(Stored items)
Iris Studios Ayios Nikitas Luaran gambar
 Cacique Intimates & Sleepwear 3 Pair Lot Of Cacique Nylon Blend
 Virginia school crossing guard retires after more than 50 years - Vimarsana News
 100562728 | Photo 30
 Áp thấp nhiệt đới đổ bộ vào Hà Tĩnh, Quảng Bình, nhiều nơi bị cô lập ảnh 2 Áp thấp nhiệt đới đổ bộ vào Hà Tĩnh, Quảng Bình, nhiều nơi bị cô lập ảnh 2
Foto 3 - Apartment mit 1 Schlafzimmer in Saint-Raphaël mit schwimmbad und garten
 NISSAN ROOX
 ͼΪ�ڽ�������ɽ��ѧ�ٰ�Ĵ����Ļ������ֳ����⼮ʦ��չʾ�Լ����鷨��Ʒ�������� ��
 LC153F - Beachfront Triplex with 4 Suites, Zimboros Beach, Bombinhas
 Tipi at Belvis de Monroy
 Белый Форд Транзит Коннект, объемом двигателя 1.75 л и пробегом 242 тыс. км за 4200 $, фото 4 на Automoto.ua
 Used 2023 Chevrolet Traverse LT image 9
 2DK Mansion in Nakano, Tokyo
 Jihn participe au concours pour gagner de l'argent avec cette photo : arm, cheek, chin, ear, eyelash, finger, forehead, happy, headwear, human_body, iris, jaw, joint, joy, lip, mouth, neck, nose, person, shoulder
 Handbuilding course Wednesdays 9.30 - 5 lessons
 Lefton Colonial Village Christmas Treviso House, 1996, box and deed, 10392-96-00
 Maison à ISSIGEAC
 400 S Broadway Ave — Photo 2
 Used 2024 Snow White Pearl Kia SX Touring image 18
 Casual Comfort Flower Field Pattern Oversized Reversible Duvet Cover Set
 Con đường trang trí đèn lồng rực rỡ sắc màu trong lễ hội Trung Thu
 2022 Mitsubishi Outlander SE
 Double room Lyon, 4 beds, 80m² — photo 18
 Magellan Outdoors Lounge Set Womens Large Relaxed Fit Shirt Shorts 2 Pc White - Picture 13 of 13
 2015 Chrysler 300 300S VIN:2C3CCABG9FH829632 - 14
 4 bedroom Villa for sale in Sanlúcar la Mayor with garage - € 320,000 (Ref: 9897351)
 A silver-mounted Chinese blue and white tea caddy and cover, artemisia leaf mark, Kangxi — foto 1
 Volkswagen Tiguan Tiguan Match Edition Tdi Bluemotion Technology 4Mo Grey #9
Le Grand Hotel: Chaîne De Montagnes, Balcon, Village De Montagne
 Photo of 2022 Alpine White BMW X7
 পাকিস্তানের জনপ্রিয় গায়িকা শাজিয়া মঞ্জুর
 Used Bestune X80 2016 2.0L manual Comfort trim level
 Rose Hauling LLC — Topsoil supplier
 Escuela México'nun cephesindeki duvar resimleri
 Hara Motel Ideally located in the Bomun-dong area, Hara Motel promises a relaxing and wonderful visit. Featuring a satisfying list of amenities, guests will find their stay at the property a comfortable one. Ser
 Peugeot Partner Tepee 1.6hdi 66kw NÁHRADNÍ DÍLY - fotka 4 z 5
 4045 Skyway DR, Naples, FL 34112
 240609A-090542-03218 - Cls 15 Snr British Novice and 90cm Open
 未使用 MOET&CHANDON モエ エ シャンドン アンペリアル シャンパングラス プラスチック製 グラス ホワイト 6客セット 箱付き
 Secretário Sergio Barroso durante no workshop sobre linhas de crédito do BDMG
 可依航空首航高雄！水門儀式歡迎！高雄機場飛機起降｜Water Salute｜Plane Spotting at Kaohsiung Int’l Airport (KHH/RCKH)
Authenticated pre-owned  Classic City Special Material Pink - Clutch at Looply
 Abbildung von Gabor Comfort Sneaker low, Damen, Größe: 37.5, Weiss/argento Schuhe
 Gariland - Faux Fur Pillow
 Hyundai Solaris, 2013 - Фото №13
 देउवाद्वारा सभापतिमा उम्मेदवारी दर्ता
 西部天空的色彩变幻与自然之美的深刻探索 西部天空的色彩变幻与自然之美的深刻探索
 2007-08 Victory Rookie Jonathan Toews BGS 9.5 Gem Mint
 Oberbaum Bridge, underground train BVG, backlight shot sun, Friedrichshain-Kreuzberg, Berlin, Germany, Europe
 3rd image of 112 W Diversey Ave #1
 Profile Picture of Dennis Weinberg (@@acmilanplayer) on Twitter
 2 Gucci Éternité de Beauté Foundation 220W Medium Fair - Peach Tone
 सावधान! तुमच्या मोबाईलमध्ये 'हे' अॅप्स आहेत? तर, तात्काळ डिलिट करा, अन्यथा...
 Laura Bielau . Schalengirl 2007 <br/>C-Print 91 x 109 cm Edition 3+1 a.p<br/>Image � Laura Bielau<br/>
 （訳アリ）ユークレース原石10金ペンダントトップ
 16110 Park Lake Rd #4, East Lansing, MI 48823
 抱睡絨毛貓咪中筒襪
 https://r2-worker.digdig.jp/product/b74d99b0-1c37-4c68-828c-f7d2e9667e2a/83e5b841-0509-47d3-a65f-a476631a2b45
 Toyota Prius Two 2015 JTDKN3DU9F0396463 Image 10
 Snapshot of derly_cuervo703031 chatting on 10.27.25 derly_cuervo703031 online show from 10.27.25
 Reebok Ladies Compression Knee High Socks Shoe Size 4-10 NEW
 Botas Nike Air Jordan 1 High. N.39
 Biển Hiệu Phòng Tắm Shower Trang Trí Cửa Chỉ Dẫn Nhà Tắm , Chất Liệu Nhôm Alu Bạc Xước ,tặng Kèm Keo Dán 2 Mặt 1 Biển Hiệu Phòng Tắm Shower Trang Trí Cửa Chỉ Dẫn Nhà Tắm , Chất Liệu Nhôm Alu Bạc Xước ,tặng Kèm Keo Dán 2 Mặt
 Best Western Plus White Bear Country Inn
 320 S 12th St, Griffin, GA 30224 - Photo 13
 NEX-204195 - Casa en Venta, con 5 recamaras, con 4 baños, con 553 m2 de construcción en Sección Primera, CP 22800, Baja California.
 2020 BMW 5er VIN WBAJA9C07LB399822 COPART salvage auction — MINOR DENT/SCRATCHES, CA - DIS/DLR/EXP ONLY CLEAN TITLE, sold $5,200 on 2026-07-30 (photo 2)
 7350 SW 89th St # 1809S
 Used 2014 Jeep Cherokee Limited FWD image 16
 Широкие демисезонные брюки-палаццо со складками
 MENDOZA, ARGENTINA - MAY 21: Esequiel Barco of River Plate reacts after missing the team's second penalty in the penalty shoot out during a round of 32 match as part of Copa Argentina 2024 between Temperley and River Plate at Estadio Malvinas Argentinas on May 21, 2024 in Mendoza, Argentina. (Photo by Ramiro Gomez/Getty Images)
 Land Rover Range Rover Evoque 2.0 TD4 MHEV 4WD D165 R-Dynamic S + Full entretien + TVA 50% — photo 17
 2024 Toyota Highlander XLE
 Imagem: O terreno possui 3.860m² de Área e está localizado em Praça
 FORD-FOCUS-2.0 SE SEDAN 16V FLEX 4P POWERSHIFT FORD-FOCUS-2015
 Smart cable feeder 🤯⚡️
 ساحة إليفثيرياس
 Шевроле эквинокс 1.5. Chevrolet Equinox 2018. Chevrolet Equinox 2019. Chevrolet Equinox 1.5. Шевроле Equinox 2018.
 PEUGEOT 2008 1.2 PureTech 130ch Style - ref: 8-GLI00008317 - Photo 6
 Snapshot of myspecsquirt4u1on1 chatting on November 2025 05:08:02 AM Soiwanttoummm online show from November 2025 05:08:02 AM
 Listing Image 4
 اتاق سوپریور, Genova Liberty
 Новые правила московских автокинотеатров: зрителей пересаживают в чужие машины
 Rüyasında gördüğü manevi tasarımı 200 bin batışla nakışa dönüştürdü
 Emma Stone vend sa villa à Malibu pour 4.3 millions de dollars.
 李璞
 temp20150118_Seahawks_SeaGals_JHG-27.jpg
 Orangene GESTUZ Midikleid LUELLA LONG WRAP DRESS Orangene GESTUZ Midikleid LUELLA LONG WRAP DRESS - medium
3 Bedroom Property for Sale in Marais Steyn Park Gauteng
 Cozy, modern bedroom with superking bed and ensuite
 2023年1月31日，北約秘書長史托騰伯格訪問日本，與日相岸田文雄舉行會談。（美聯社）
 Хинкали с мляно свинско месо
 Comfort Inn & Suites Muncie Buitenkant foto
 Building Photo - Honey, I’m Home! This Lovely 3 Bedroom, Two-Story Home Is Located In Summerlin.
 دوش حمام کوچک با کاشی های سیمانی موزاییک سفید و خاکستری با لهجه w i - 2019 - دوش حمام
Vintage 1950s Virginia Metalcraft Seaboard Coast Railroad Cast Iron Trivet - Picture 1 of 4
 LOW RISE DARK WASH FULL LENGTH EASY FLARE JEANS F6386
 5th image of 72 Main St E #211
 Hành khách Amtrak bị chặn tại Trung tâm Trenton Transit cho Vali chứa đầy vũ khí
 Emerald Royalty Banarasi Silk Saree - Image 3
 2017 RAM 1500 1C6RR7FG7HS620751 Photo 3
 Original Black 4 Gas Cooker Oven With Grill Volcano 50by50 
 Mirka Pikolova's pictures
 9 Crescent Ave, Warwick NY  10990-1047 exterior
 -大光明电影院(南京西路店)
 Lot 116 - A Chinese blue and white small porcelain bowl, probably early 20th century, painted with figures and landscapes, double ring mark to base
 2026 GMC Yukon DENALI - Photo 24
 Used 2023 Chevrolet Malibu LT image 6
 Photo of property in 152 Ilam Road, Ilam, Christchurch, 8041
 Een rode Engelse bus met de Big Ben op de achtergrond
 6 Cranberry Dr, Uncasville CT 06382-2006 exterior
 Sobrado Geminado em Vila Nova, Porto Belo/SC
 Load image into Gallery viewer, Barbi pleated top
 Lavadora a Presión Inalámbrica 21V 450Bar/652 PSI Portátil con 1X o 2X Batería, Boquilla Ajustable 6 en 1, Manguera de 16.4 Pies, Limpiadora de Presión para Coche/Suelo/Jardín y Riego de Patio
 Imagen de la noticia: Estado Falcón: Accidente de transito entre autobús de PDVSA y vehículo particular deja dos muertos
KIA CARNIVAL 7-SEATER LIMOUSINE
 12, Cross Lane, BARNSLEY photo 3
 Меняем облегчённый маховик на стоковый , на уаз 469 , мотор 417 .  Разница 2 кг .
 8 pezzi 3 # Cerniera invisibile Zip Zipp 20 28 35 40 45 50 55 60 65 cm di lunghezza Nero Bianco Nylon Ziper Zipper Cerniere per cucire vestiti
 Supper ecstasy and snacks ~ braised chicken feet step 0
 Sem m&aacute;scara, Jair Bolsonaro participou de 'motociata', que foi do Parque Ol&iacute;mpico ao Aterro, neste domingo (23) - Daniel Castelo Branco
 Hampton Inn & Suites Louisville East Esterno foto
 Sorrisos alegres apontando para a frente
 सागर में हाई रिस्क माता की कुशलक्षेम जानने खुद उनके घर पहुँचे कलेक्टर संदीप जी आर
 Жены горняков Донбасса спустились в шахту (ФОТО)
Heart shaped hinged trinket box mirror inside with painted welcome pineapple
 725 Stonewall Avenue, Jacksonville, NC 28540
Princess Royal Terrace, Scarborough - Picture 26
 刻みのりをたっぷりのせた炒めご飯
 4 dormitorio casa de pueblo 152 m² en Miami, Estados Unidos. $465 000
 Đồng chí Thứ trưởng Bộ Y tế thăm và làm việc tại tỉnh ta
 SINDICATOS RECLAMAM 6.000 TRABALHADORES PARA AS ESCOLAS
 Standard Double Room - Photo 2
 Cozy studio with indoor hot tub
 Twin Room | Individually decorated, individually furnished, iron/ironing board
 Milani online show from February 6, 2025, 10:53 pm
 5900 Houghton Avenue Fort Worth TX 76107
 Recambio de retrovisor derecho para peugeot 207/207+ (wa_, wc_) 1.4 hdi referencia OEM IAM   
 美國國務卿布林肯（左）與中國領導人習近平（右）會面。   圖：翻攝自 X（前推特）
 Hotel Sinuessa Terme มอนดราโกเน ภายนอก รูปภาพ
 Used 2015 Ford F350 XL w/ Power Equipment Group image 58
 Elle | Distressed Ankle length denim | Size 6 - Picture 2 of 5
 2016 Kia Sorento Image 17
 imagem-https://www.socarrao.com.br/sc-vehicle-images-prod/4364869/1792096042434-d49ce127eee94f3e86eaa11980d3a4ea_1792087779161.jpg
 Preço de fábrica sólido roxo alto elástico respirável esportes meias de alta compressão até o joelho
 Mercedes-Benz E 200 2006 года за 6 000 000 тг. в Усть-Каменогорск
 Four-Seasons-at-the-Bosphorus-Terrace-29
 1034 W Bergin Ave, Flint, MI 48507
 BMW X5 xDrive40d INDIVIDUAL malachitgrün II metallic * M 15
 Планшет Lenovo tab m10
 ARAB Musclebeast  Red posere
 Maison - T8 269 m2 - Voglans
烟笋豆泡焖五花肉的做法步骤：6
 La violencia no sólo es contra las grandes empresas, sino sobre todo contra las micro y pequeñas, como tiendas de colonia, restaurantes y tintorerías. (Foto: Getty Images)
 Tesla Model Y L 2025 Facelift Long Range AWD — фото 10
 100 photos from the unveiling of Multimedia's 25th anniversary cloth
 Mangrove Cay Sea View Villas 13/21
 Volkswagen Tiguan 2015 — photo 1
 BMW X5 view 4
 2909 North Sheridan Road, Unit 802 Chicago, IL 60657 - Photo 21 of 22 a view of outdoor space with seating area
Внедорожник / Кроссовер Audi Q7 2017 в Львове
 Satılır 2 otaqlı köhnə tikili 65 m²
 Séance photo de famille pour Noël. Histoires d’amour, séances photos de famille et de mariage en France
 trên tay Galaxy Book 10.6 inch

### What the task asks
Please copy only the lines between the first line of the entries and the line with "Handbuilding course Wednesdays", keeping those two end lines as well, exactly as written.

### Output
Iris Studios Ayios Nikitas Luaran gambar
 Cacique Intimates & Sleepwear 3 Pair Lot Of Cacique Nylon Blend
 Virginia school crossing guard retires after more than 50 years - Vimarsana News
 100562728 | Photo 30
 Áp thấp nhiệt đới đổ bộ vào Hà Tĩnh, Quảng Bình, nhiều nơi bị cô lập ảnh 2 Áp thấp nhiệt đới đổ bộ vào Hà Tĩnh, Quảng Bình, nhiều nơi bị cô lập ảnh 2
Foto 3 - Apartment mit 1 Schlafzimmer in Saint-Raphaël mit schwimmbad und garten
 NISSAN ROOX
 ͼΪ�ڽ�������ɽ��ѧ�ٰ�Ĵ����Ļ������ֳ����⼮ʦ��չʾ�Լ����鷨��Ʒ�������� ��
 LC153F - Beachfront Triplex with 4 Suites, Zimboros Beach, Bombinhas
 Tipi at Belvis de Monroy
 Белый Форд Транзит Коннект, объемом двигателя 1.75 л и пробегом 242 тыс. км за 4200 $, фото 4 на Automoto.ua
 Used 2023 Chevrolet Traverse LT image 9
 2DK Mansion in Nakano, Tokyo
 Jihn participe au concours pour gagner de l'argent avec cette photo : arm, cheek, chin, ear, eyelash, finger, forehead, happy, headwear, human_body, iris, jaw, joint, joy, lip, mouth, neck, nose, person, shoulder
 Handbuilding course Wednesdays 9.30 - 5 lessons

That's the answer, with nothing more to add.